By declining to indict the police officer, Darren Wilson, for the shooting death of Michael Brown, the grand jury of Ferguson, Missouri, has provoked a great deal of discussion of the grand jury process in the United States. Here is some material, most of it collected by Kim Lane Scheppele1:

  1. The St. Louis grand jury was operating under the standard that it had to determine only that there was “probable cause” that Darren Wilson had committed a crime.  This is a low standard, and a standard used in most grand juries, including federal ones.   This is why a study of federal grand juries found that out of 162,000 federal cases in 2010, Bureau of Justice statistics show that there was a FAILURE to indict in only 11 cases.    In the garden variety criminal case, failure to indict is rare.  
  2. That said, police shootings routinely fail to go to trial. 
    1. Here’s an excerpt from a recent Wall Street Journal report on a Bowling Green study of police shootings:    http://www.wsj.com/articles/police-rarely-criminally-charged-for-on-duty-shootings-1416874955
      New research by a Bowling Green State University criminologist shows that 41 officers in the U.S. were charged with either murder or manslaughter in connection with on-duty shootings over a seven-year period ending in 2011. Over that same period, the Federal Bureau of Investigation reported 2,718 justified homicides by law enforcement, an incomplete count, according to experts.
    2. FiveThirtyEight collected a broader array of statistics on the prosecution of police for use of excessive force:  http://fivethirtyeight.com/datalab/allegations-of-police-misconduct-rarely-result-in-charges/ .   They confirm that police being tried for shooting a suspect in the line of duty is a rare occurrence.
  3. The Ferguson grand jury was given NO charges by the prosecutor; instead, they were expected to come up with the charges that they thought fit the crime, if there was a crime.
  4. How was the jury to know whether Darren Wilson had committed a crime?   If he had been a civilian, criminal charges would have been obvious.   But police are allowed to use force in ways that civilians aren’t.   To explain this to the jury, the Ferguson assistant prosecutor gave to the jury a copy of the law regulating the use of deadly force in Missouri, which is as follows:

    §  A law enforcement officer in effecting an arrest or in preventing an escape from custody is justified in using deadly force only …. when he reasonably believes that such use of deadly force is immediately necessary to effect the arrest and also reasonably believes that the person to be arrested has committed or attempted to commit a felony; or is attempting to escape by use of a deadly weapon; or may otherwise endanger life or inflict serious physical injury unless arrested without delay.
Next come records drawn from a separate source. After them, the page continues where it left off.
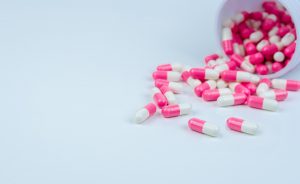 Pink-white capsule pills spread out of drug bottle. Antipsychotic drug. Capsule medicine for treatment depression. Anti-anxiety drug. Global healthcare. Pharmacy background. Pharmaceutical industry.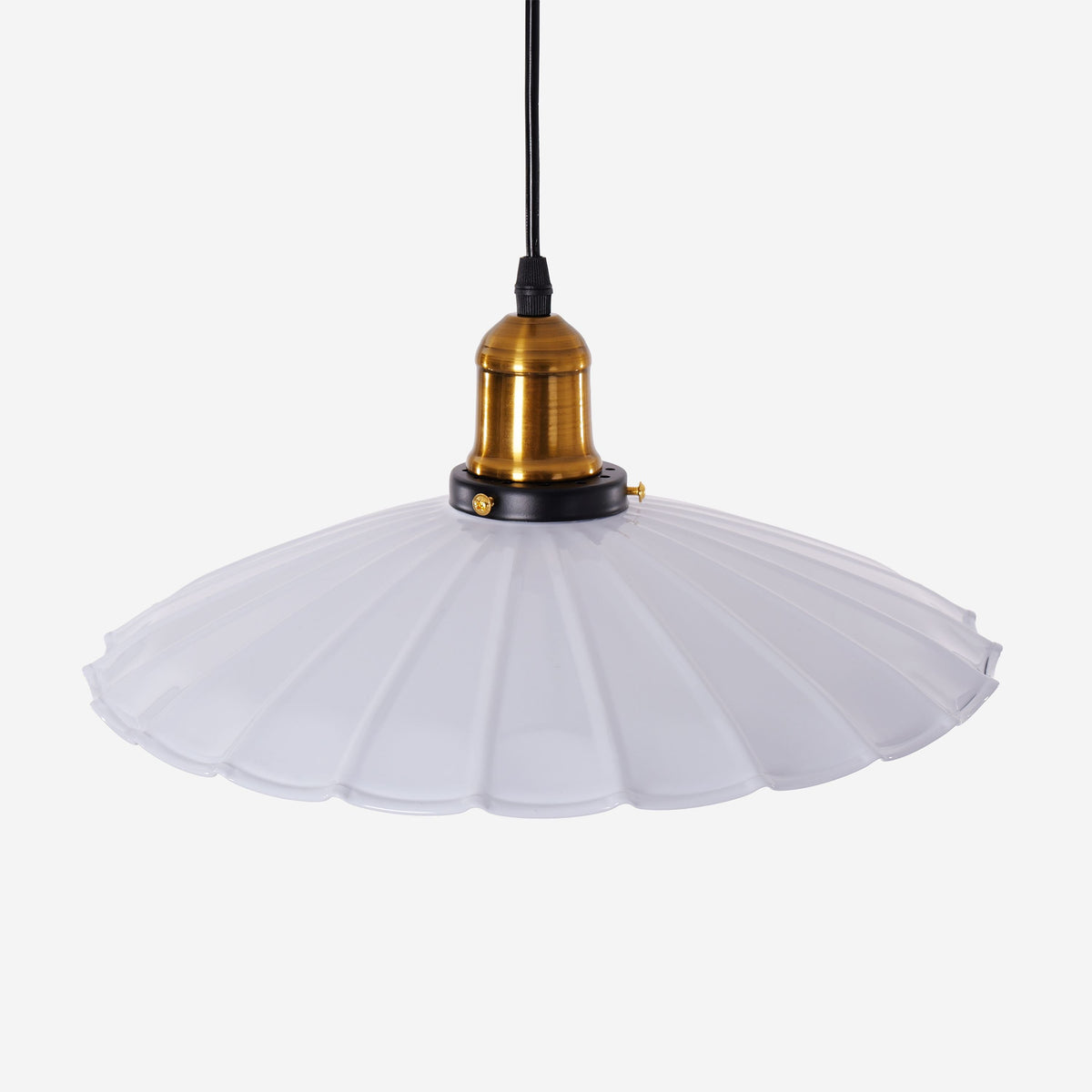 white iron pendant light adding warm light to a dining space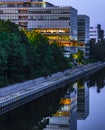 The Teltow Canal in Berlin-Tempelhof, Germany, with view to a modern office building. Some floors are colorful illuminated. Royalty Free Stock Photo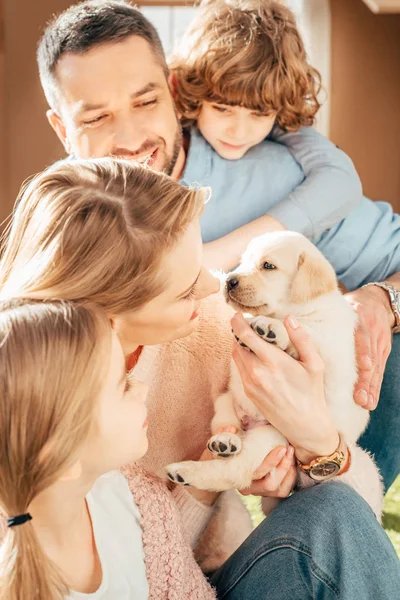 Jovem família feliz com adorável filhote de cachorro labrador — Fotografia de Stock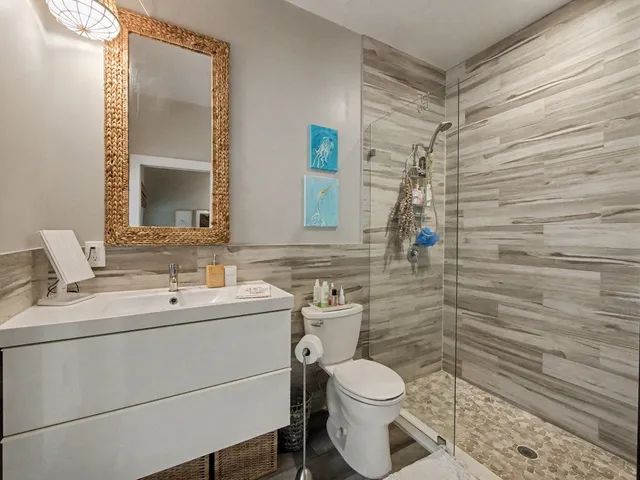 a bathroom with a toilet sink vanity and mirror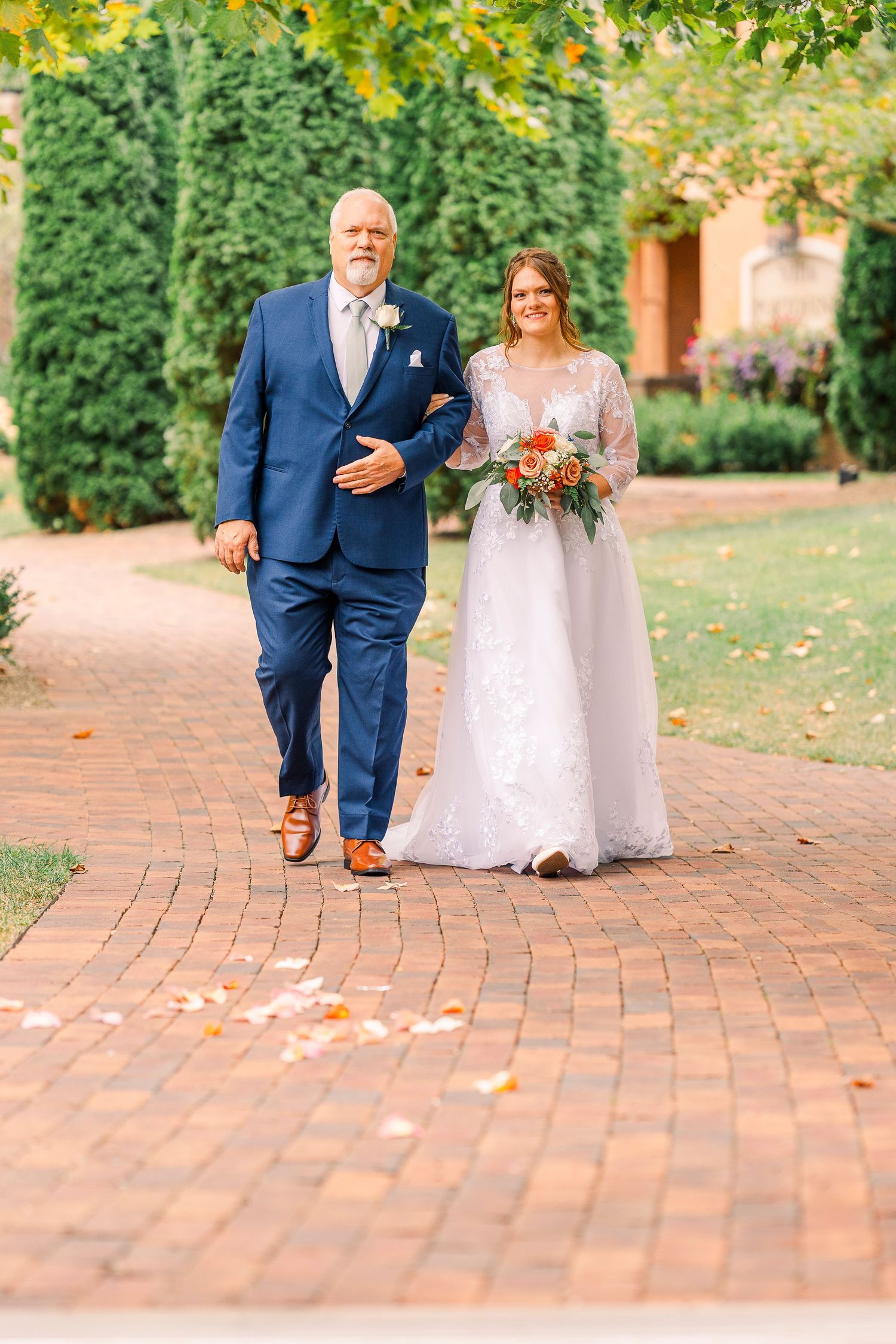 Bride in lace gown holding orange bouquet walks with older man in navy suit on brick path.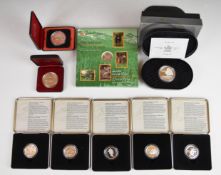 Ten Canadian silver coins comprising five sporting 1998 50 cent coins, 1996 Moose 50 cent coin, 1974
  5. The problem with the Missouri law, however, is that it is flatly inconsistent with Tennesee v. Garner,  471 U.S. 1 (1985) which held that:

    §  This case requires us to determine the constitutionality of the use of deadly force to prevent the escape of an apparently unarmed suspected felon. We conclude that such force may not be used unless it is necessary to prevent the escape and the officer has probable cause to believe that the suspect poses a significant threat of death or serious physical injury to the officer or others. . . .(3)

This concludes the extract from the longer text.